Seizures induced by thinking

Seizures induced by thinking (Wilkins et al 1982; Goossens et al 1990, Andermann et al., 1998) (“noögenic epilepsy”) occur in response to nonverbal higher cortical function and have been reported with a variety of stimuli, including arithmetic, drawing, playing cards or chess, decision-making, and solving Rubik's cube. These seizures do not typically appear to be activated by reading, writing, or by explicitly verbal tasks, but about 80% of patients are found to have more than one effective trigger. Seizures can be triggered in at least some of these patients without any real or contemplated movement of the hands, e.g., by a task requiring a spoken answer to an orally presented arithmetic or spatial problem. Unlike in primary reading epilepsy, most have spontaneous seizures. The reflex and spontaneous attacks include bilateral myoclonus, absences, and generalized tonic-clonic seizures and almost all reported patients have had generalized convulsions. Often these begin after a period of myoclonic jerks, but myoclonic jerks occurred without a following convulsion in 76% of patients reviewed by Andermann et al. (1998) and 60% of patients had absence seizures often associated with myoclonic jerks. Pure absence epilepsy with seizures triggered by thinking was not seen, but not all patients had myoclonus although some probably had JME. Myoclonic jerks and absence attacks may be ignored or unreported until a generalized seizure occurs and the patient then comes to medical attention. Seizures induced by thinking usually occur in the context of a generalized epilepsy. Partial seizures and clear focal EEG abnormalities have been reported but are the exception. The essential component in the seizure trigger appears to be nonverbal thought, the processing of numeric or spatial information, and possibly sequential decision making.
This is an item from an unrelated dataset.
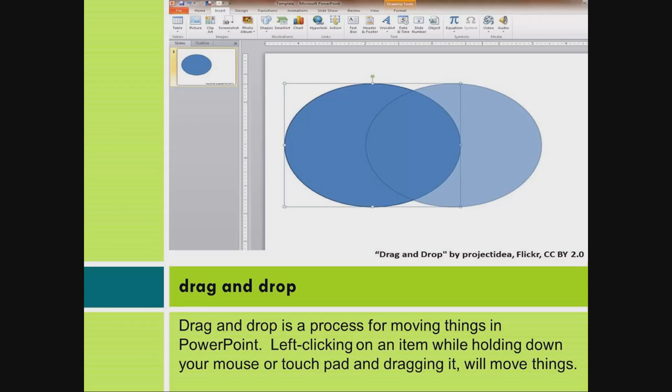Drag and drop. Drag and drop is a process for moving things in PowerPoint. Left-clicking on an item while holding down your mouse or touchpad and dragging it will move things.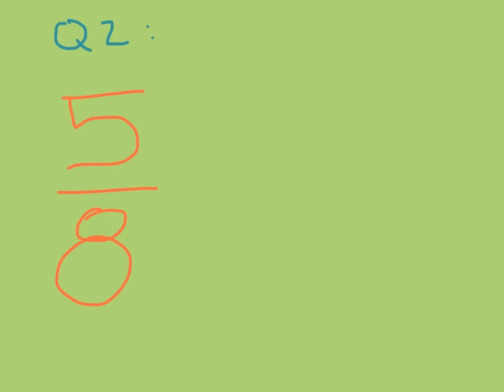Question number two. Here's a fraction. Five, line eight. Five over eight. Is this fraction more or less than one? Is this fraction more or less than one? Go ahead and make your guess now.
Seizures induced by thinking are typically associated with both spontaneous and evoked generalized or bilateral synchronous spike or multiple spike and wave complexes. They may only appear after reduction of medications in some patients. Although occasional patients have temporoparietal or frontal spontaneous EEG abnormalities, typically over the right side, these are at times mixed with generalized epileptiform activity. (Beaumanoir et al 1989; Goossens et al 1990).

Praxis Induction

This term was introduced by Japanese authors who described seizures triggered by thinking about “complicated spatial tasks in a sequential fashion, [making] decisions, and practically responding by using a part of [the] body” (Inoue, 2001). Writing is reported to be a major precipitating factor (Inoue et al., 1994) although reading is not. Hand or finger movements without “action-programming activity” (defined as “higher mental activity requiring hand movement” and apparently synonymous with praxis) are not effective triggers (Matsuoka et al., 2000). Reflex upper limb myoclonus occurs, and may spread. This pattern occurs almost exclusively in JME. It does not seem prominent in patients with thinking-induced seizures who do not also have prominent myoclonic reflex attacks. In its milder or most restricted forms, such as the morning myoclonic jerk of the arm manipulating a utensil (Seino M, personal communication, Bethel-Bielefeld 1999), this phenomenon resembles cortical reflex myoclonus as part of a “continuum of epileptic activity centered on the sensorimotor cortex” (Vignal et al., 1998). The motor component, either imagined or performed, is crucial in praxis-induction but other patients with seizures induced by thinking are activated by tasks such as purely mental calculation of orally-presented arithmetic tasks with no motor component in either the stimulus or the response. The pattern of praxis-induction fits well with JME, in which there is apparent regional hyperexcitability of sensorimotor cortex within an apparently generalized epileptic disorder, (discussed by Wolf, 1994) and possibly relevant morphologic abnormalities involving the motor system as well (Woermann et al., 1998).

Seizures triggered by reading

Seizures of primary reading epilepsy are described and possible mechanisms discussed in Chapter XX. Secondary reading epilepsy occurs in patients with spontaneous seizures. Activation by reading or other language tasks is found in both idiopathic and symptomatic epilepsies. Typically there is no jaw jerking, and the baseline EEG is often abnormal. Language-induced epilepsy involves seizure precipitation by speaking, reading, and writing (Geschwind and Sherwin 1967). The seizures may be similar to those of primary reading epilepsy, and some patients report only a single effective trigger (e. g., recitation alone) (Herskowitz et al 1984). Activation by reading and by other language tasks in the same patient can also occur in symptomatic epilepsies, as recently illustrated (with video documentation) by Canevini et al. (2001).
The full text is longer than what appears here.